Auctioneer Karen Sorbo
Photo by ackerman + Gruber
Auctioneer Karen Sorbo is one of the most sought-after for fundraising benefits, having generated more than $600 million for worthy causes at more than 2,600 auctions since she started in 1993. Today, Hopkins-based Sorbo works at 65 to 70 fundraising events a year in Minnesota and across the country; her record for a local auction is $2.24 million for Children’s Minnesota Foundation.
“I grew up on a hobby farm in western Minnesota, and my father brought me to numerous auctions. I was fascinated by the auctioneer’s chant. I just stared at the man with the belt buckle you could serve a turkey dinner on, with his cowboy hat and cowboy boots and his fast talking. I didn’t set out to become an auctioneer—it wasn’t a girl’s job or career. I was very quiet then and didn’t speak much—but I’m making up for it now.”
“Growing up, I wasn’t pretty and I was heavyset. My father raised me like a boy. I didn’t act like a girl, and I dressed in bib overalls. I think that contributed to me having a lower voice. When they’re growing up most girls are really cute, and they speak in high voices. My voice is very far down in my diaphragm, which helps as an auctioneer.”
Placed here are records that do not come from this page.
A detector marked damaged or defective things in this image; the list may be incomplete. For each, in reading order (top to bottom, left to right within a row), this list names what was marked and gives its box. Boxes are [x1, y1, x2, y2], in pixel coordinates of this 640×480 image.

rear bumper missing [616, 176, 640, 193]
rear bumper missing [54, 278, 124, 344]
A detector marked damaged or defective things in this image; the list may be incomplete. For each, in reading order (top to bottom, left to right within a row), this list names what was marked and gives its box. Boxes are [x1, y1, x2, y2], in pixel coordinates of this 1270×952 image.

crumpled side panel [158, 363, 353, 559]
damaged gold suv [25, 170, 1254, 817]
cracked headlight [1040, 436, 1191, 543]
“I went off to college and got a music degree, taught private music lessons, then got married and had children. I got into auctioneering after my father retired in 1992. He was really bored and I said, Dad, why don’t we go to auction school and open up an auction house? We graduated and got licensed but then my father fell very ill and I couldn’t open an auction house. But there was an article in a local newspaper with a picture of me getting my certification and shaking the hand of the owner of the auction school, so I got a call asking me if I could donate my skills.”
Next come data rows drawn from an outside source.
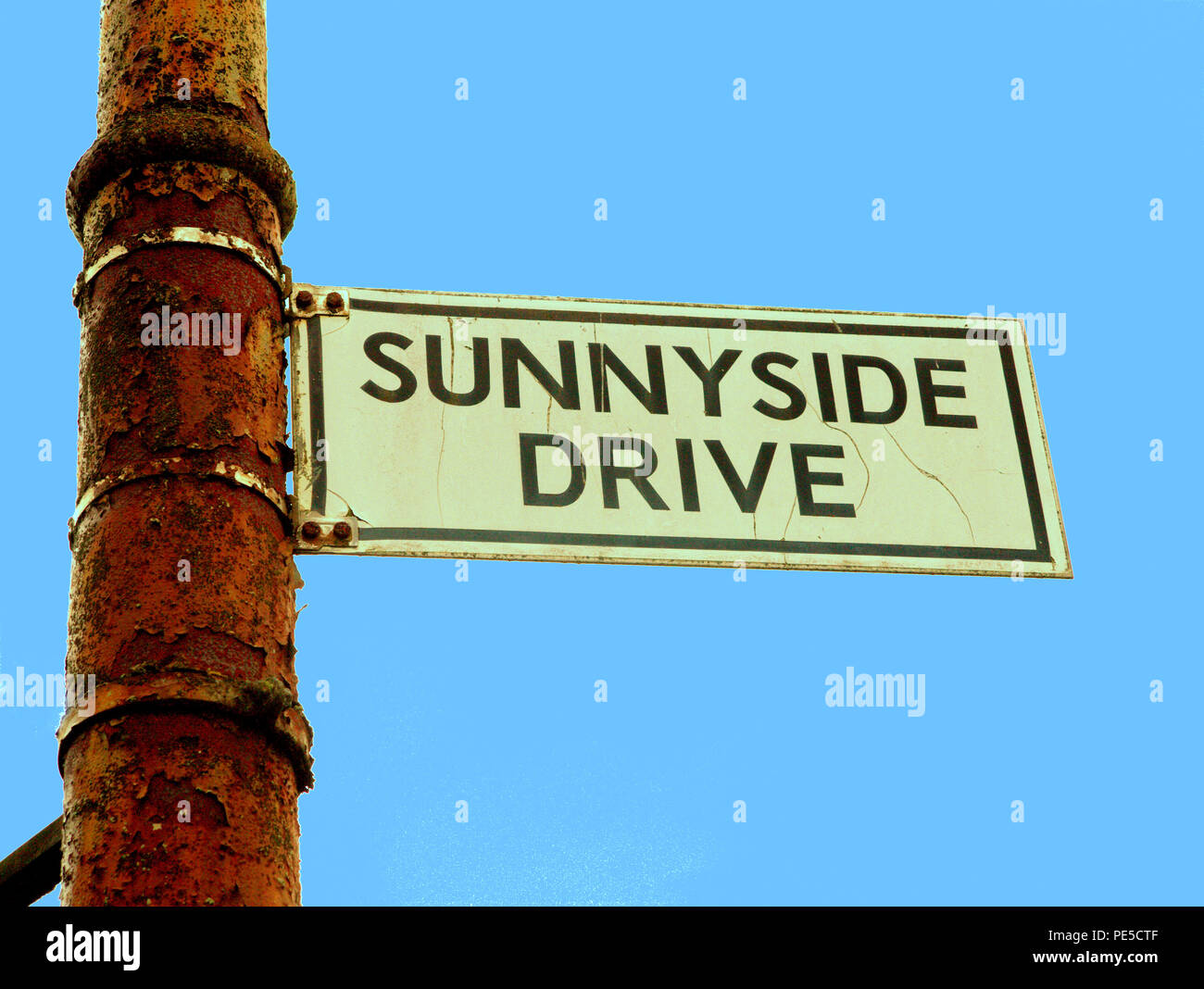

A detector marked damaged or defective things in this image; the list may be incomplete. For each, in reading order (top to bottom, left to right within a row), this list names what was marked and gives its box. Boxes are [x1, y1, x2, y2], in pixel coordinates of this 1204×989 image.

rusty metal pole [61, 0, 309, 908]
corroded surface [64, 0, 309, 908] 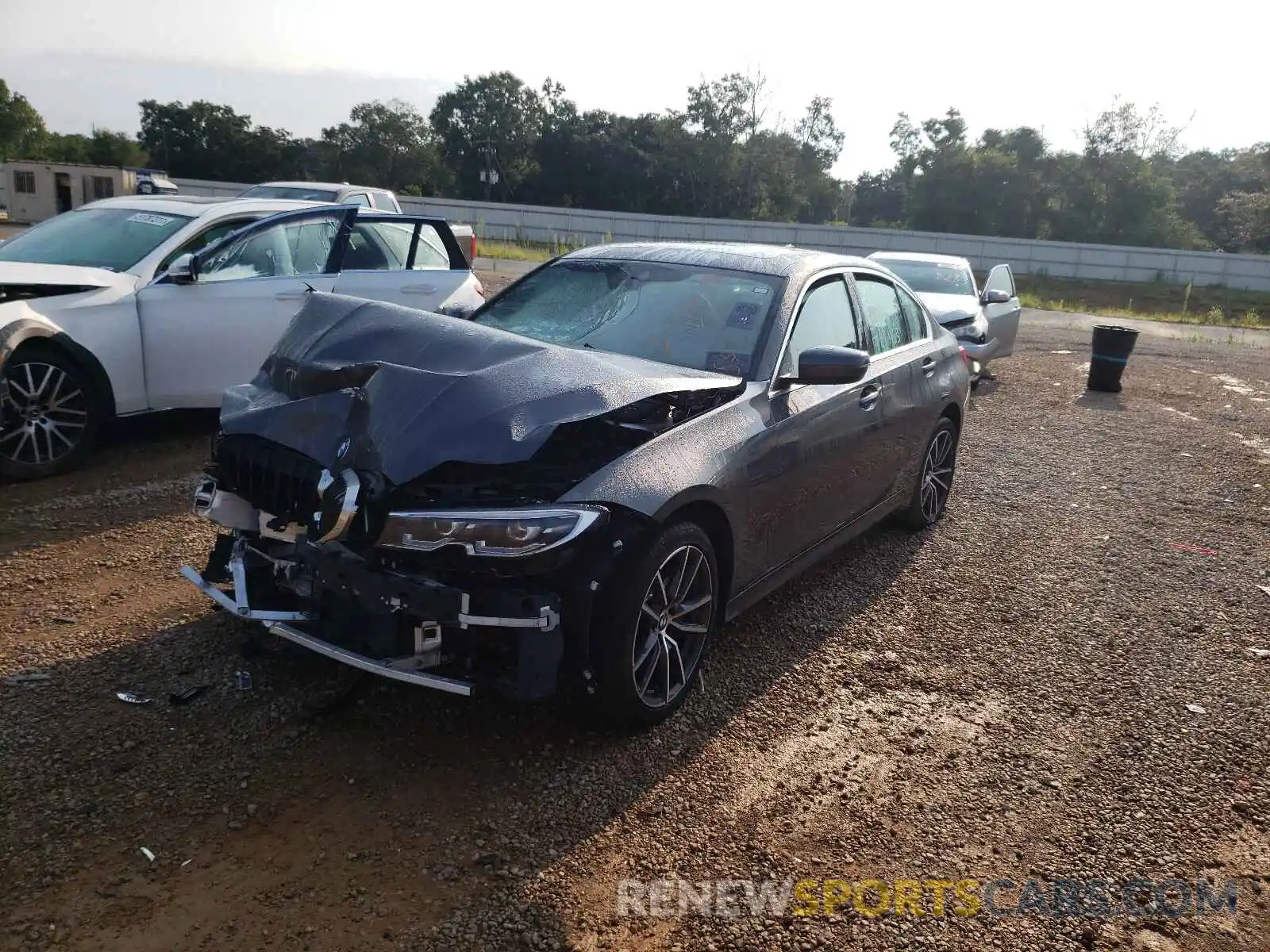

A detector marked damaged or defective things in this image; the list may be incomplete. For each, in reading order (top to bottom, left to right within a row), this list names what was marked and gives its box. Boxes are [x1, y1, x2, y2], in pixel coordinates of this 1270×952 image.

crumpled hood [0, 261, 137, 290]
crumpled hood [219, 290, 741, 485]
crumpled hood [914, 293, 980, 327]
damaged gray bmw sedan [181, 242, 970, 726]
broken front bumper [180, 538, 561, 701]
“My first auction was at a charity golf tournament raising money for diabetes, and I was ‘bit by the bug.’ I thought, All right, I’m changing lives. That’s what I’d wanted to do since I was a little girl. I ended up raising three times as much as the person they’d hired in the past. In my first year I donated my work to 50 nonprofits and I finally thought, Why not make a living doing this? Nobody turned me down, and the phone kept ringing. That was 2,600 auctions ago.”
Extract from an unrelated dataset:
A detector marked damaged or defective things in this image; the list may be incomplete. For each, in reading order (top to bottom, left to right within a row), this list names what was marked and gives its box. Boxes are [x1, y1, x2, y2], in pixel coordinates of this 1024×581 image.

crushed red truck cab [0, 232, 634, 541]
“Every auction is like my first and last. I always give it my all onstage. And I study every organization as if it were a marriage partner—I always learn everything about who’s hiring me, and then I’m able to connect with the audience because I feel I’m one of them. Because they believe in finding a cure for cancer, or finding a cure for AIDS, my job is to make them feel they’re there for a reason—not just to auction off items but to truly feel good about giving.”
“When I’m in front of an audience, I have to keep the energy going. I’m a lady, and you’re not supposed to perspire, but I’m actually dripping because it takes so much effort. I’m an entertainer. I’m a motivational speaker creating the energy for people to continue to bid—and to bring them back to why they’re there. And then sometimes it might get quiet and I’ll sit down next to someone and say, Sir, I’m curious. If you have $10,000 to bid, don’t you have $11,000? I make it a conversation.”
“For the first 15 years of my career, people would bid on more material items, but now guests at events want to bid more on experiences and making memories. Material items don’t fetch what they used to: 20 years ago, I sold a castle in Ireland for $4 million, but I couldn’t get $500,000 for it today. 20 years ago, I sold a Rolling Stones guitar for $85,000; today it would be difficult to get $5,000 for it. I recently sold a Golden Retriever puppy for $35,000; I wished we’d had two, we could have brought in $70,000.”